Writer, professor and independent producer, Marcia Rock maintains
a longstanding and continuing interest in the effect of conflict
and violence trapped within the intimacy of the family circle.
Her award-winning documentary, Daughters of the Troubles: Belfast
Stories, on the changing role of women in Northern Ireland, (1997)
won the American Women in Radio and Television Grand Award and Documentary
Award and won the first place Chris Award from the Columbus International
Film & Video Festival, among others. It aired in Ireland,
Northern Ireland, Spain, Canada and on PBS stations in the US. "Back
from Beyond: Women Abuse and Drugs," (1998) profiles a new approach
to drug treatment, specifically geared to women addicts convicted
of non-violent felonies. In 1994, she produced City Originals:
Women Making It Work hosted by New York's first lady, Donna Hanover
Giuliani, which won a bronze plaque at the 1994 Christopher Awards
in the social issues category, and honorable mention from American
Women in Radio and Television Commendation Awards in 1995.

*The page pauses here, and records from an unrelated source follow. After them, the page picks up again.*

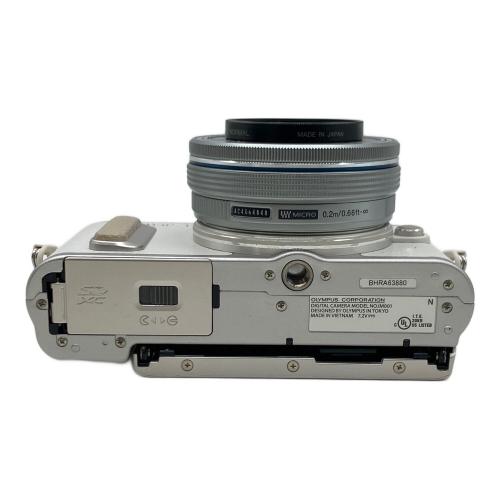 OLYMPUS PEN (オリンパスペン) ミラーレス一眼カメラ E-PL8 ダブルズームキット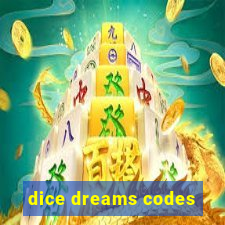 dice dreams codes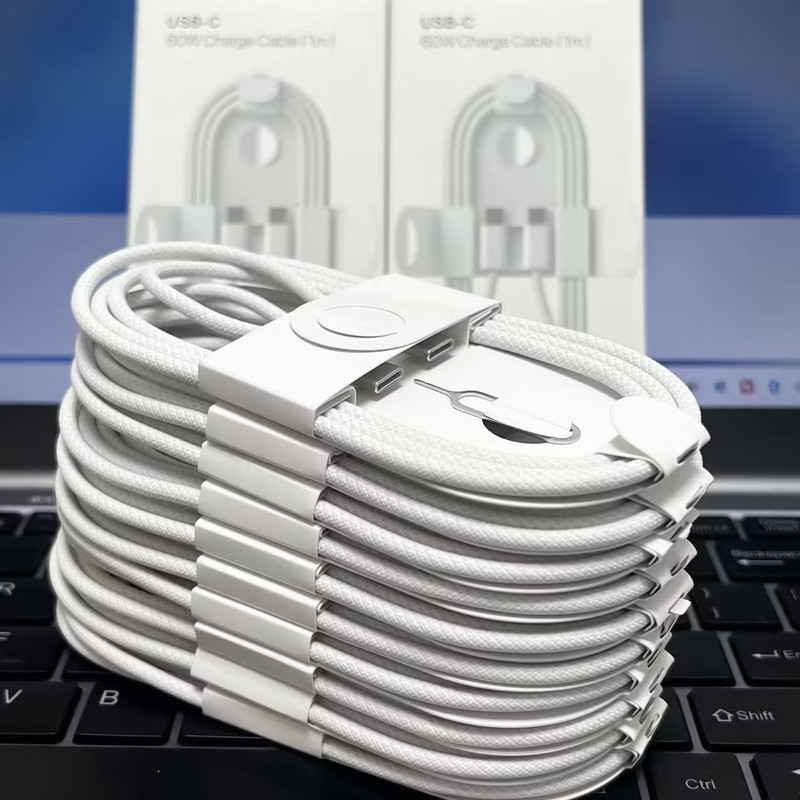 کابل USB-C مدل iPhone16 Pro Max 60W-C طول 1 متر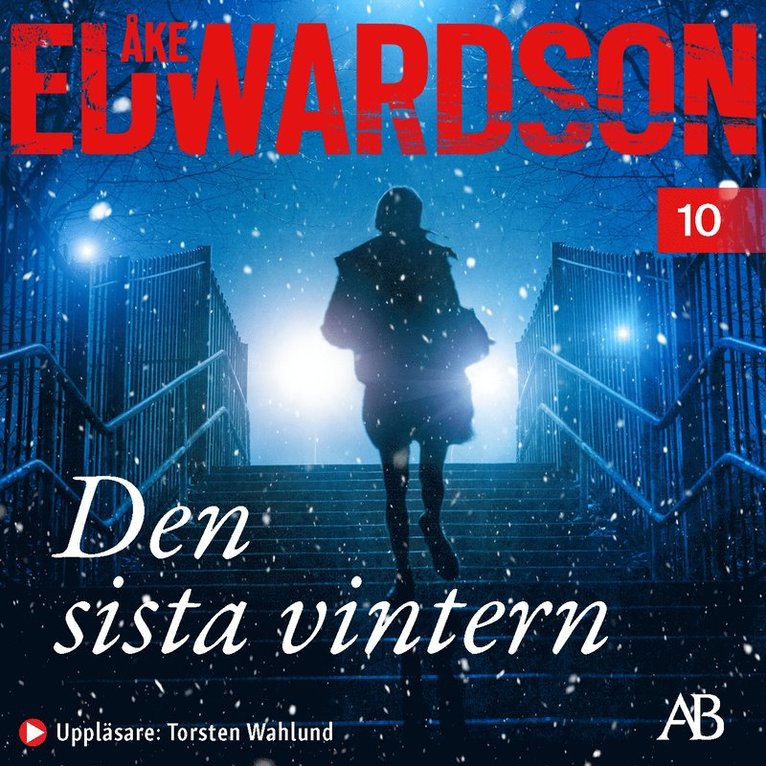 Åke Edwardson - Den sista vintern, Ljudbok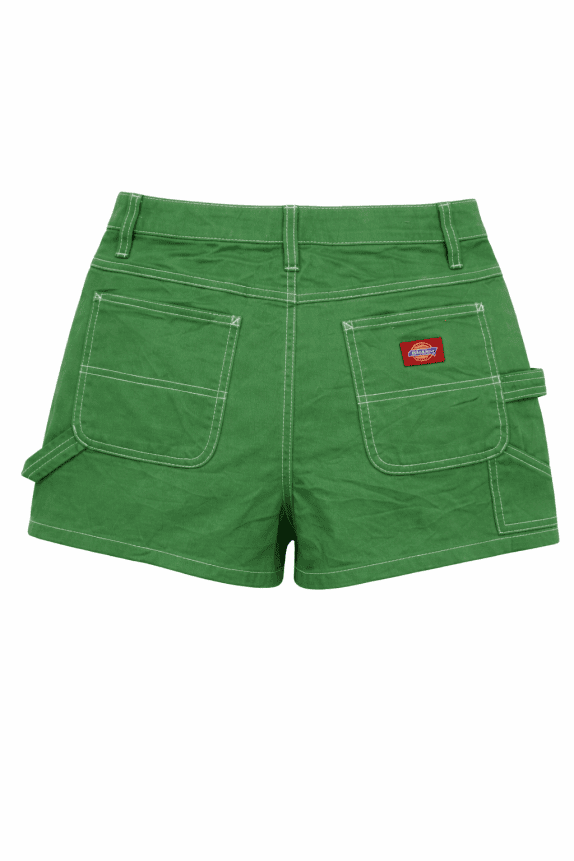 DICKIES CARPENTER SHORTS UTILITY ΠΡΑΣΙΝΟ ΓΥΝΑΙΚΕΙΟ PRE OWNED S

Her interest in Ireland began in the 1970s with her first documentary,
The Bronx Irish at the Ramparts, lamenting the disappearing Irish
neighborhoods in New York. Three documentaries on Ireland
and Irish Americans followed. Sons of Derry (1992) profiles
the Protestant Glen Barr and the Catholic Paddy Doherty and the
story of the Troubles in Northern Ireland as told through their
lives. It received a bronze medal from the New York International
Program Festival in 1993. No Irish Need Apply (1993) visits
1860s New York with tour guide Peter Quinn, based on his novel,
Banished Children of Eve (Penguin Books 1995). McSorley's
New York (1987) chronicles the history of New York's Irish immigrant
community and the role McSorley's Ale House has played in the cultural
and political life of the city. The film received an Emmy
Award in 1988.
Rock's interests extend to the arts, literature and international
affairs. Her documentary on the literary history of Greenwich
Village titled Village Writers: The Bohemian Legacy, (1991) was
nominated for a New York Emmy in 1992. Her profile of North
Carolina writer Reynolds Price in Reynolds Price: A Writer's
Inheritance (1990), explores the powerful relationship between family
history and art and won the Red Ribbon Award from the American Film
and Video Festival 1992. Rock also produced a documentary
on the media coverage of the Intifada in Israel in 1988 and received
her first Emmy in 1983 for The Singing Angels in China, a chronicle
of a Cleveland youth choir's trip to China.
Marcia Rock is the Director of Broadcast Journalism and a professor
in the Department of Journalism, New York University. Dr. Rock co-authored
Waiting for Prime Time: The Women of Television News (University
of Illinois Press 1988) with veteran newscaster Marlene Sanders.